Work instruction
Retype the line where "Round Ceramic Christmas" appears and each line that follows it down to the last line of the records below. Leave the pictures out.
Records to process section start
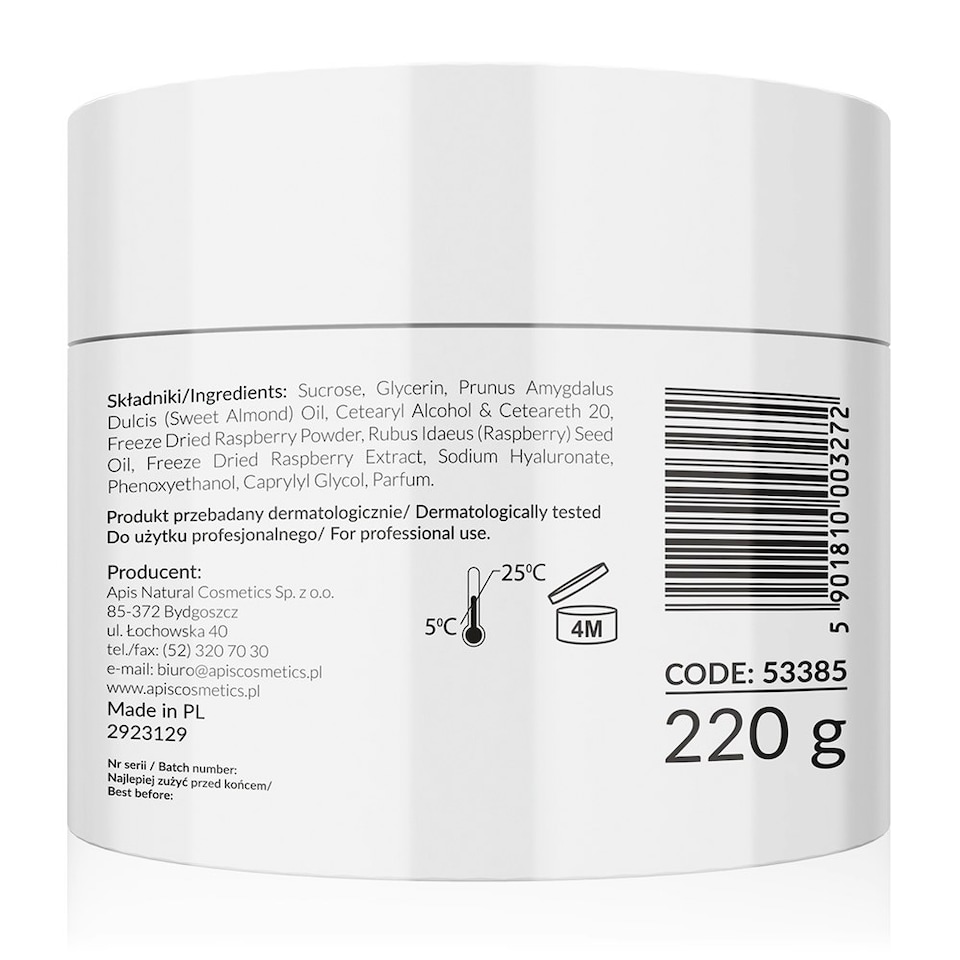 image 1 of Apis Raspberry Glow Freeze-Dried Raspberries Sugar Scrub 220g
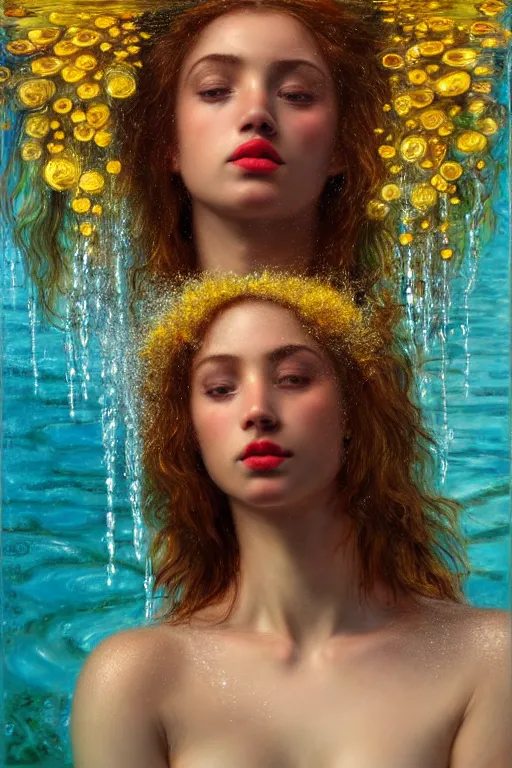 Prompt: hyperrealistic precisionist cinematic profile very expressive! oshun goddess, ophelia in water! john everett millais, mirror dripping droplet!, gold flowers, highly detailed face, digital art masterpiece, smooth eric zener cam de leon, dramatic pearlescent turquoise light on one side, low angle uhd 8 k, shallow depth of field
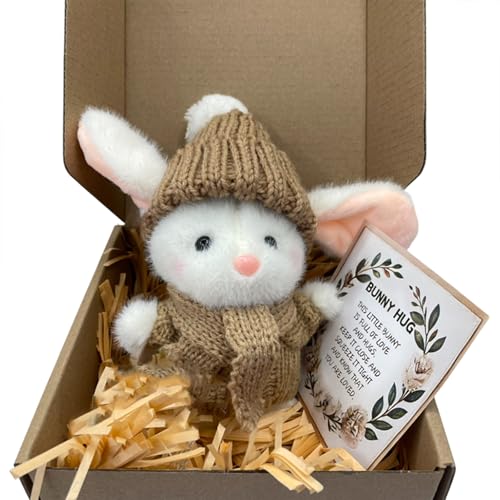 Ucuse Mini-Hasen-Umarmung, niedliches Ostergeschenk mit Strickmütze und Bommel, positiver Hase in einer Box, positive weiche Tasche, emotionale Unterstützung, Kaninchen mit Geschenkbox und Karte von Ucuse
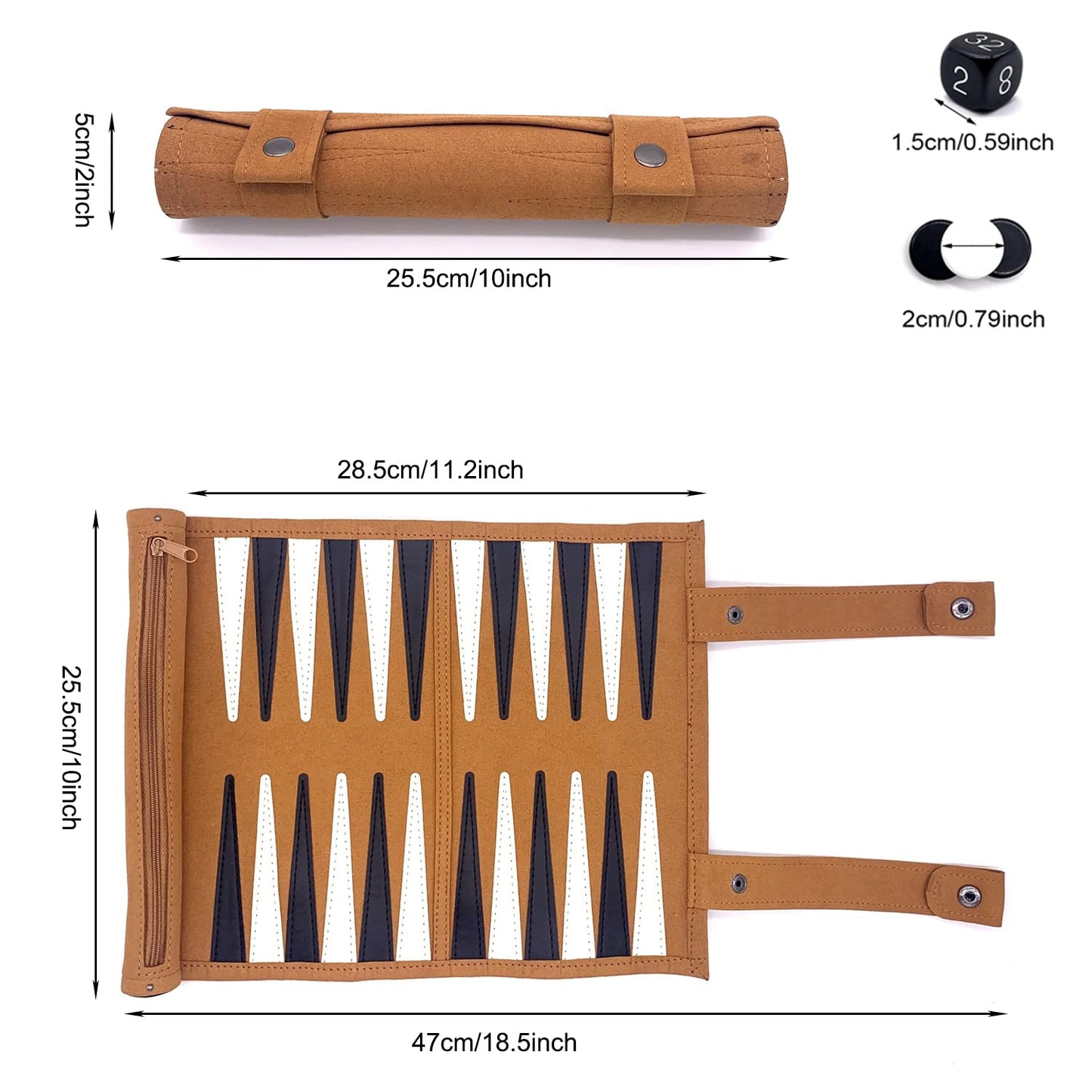 Crayfomo Roll-up Portable Suede Backgammon Set – Foldable Travel Backgammon for RV, Cruise, Airplane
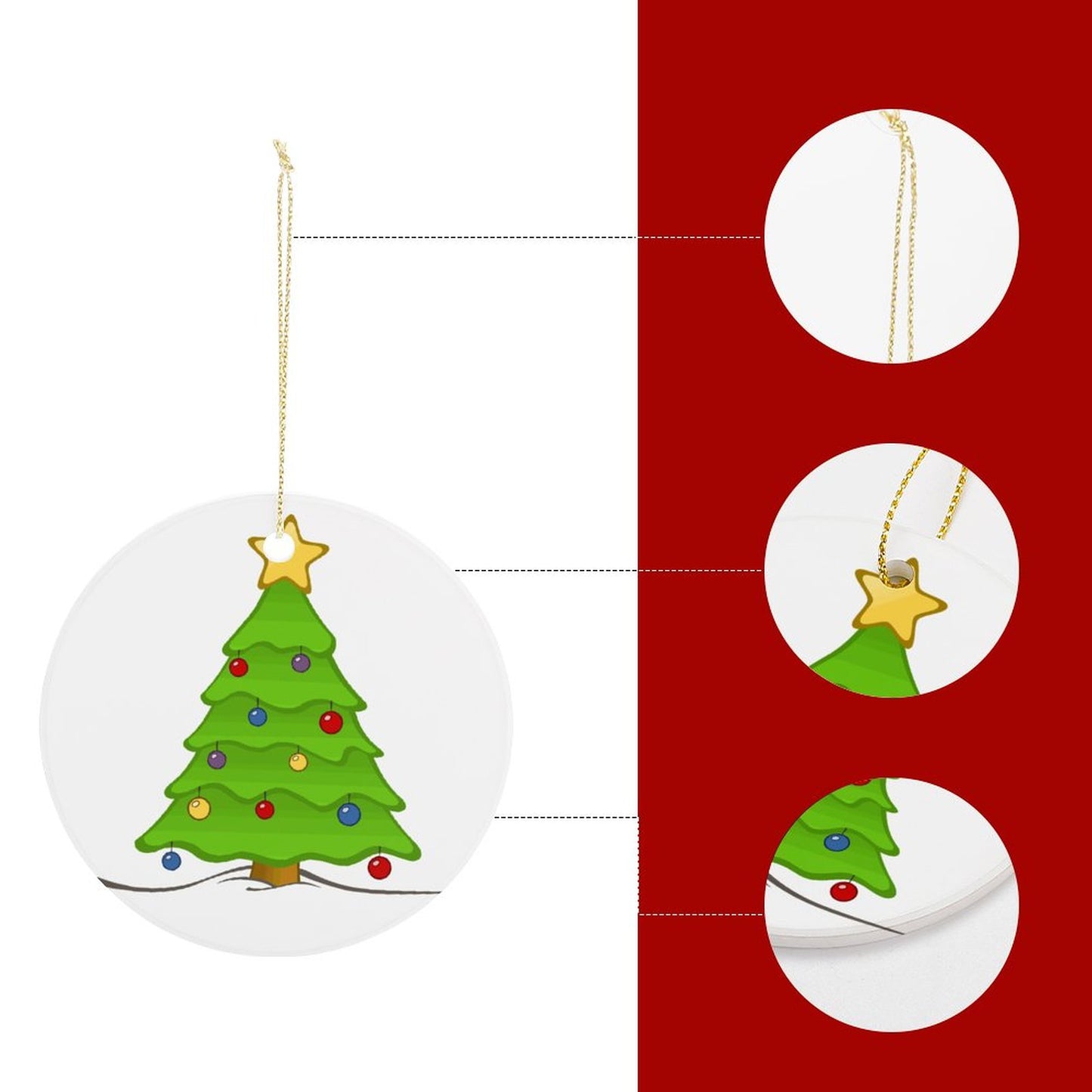 Round Ceramic Christmas Ornament (Matte Surface)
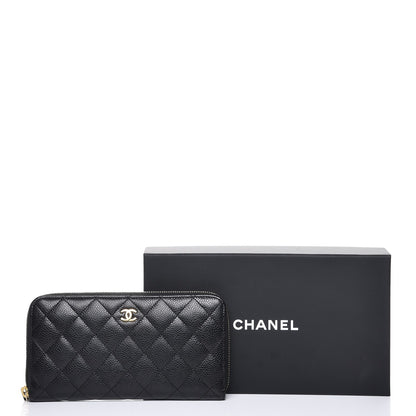 Chanel Caviar Quilted Large Gusset Zip Around Wallet Black 9 of 9
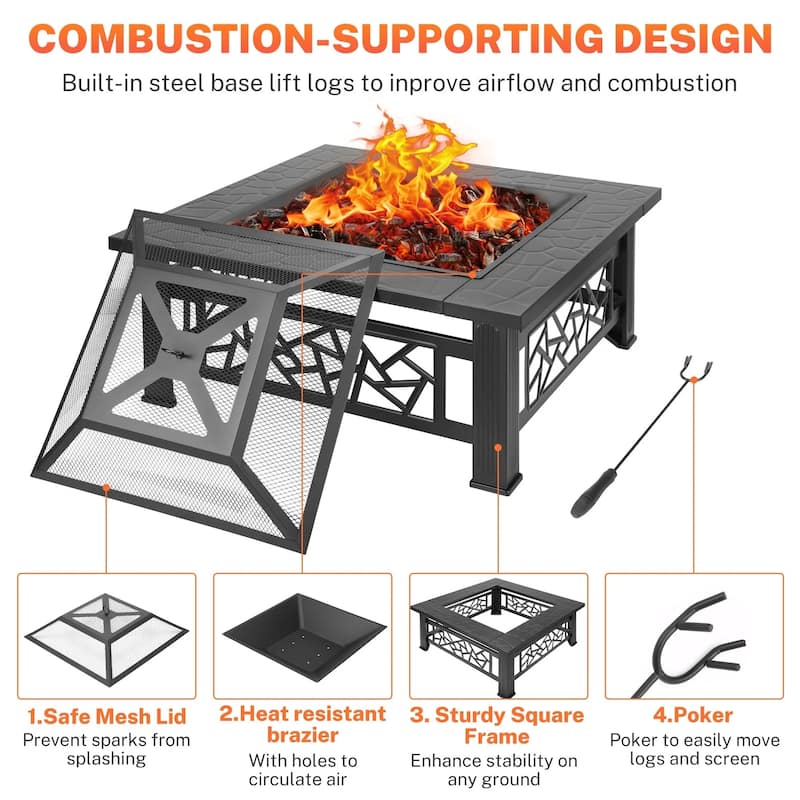 3-in-1 32 in. Wood Burning Outdoor Fire Pit/Ice Pit/BBQ Fire Pit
Records to process section end
Answer section
 Round Ceramic Christmas Ornament (Matte Surface)
 Chanel Caviar Quilted Large Gusset Zip Around Wallet Black 9 of 9
 3-in-1 32 in. Wood Burning Outdoor Fire Pit/Ice Pit/BBQ Fire Pit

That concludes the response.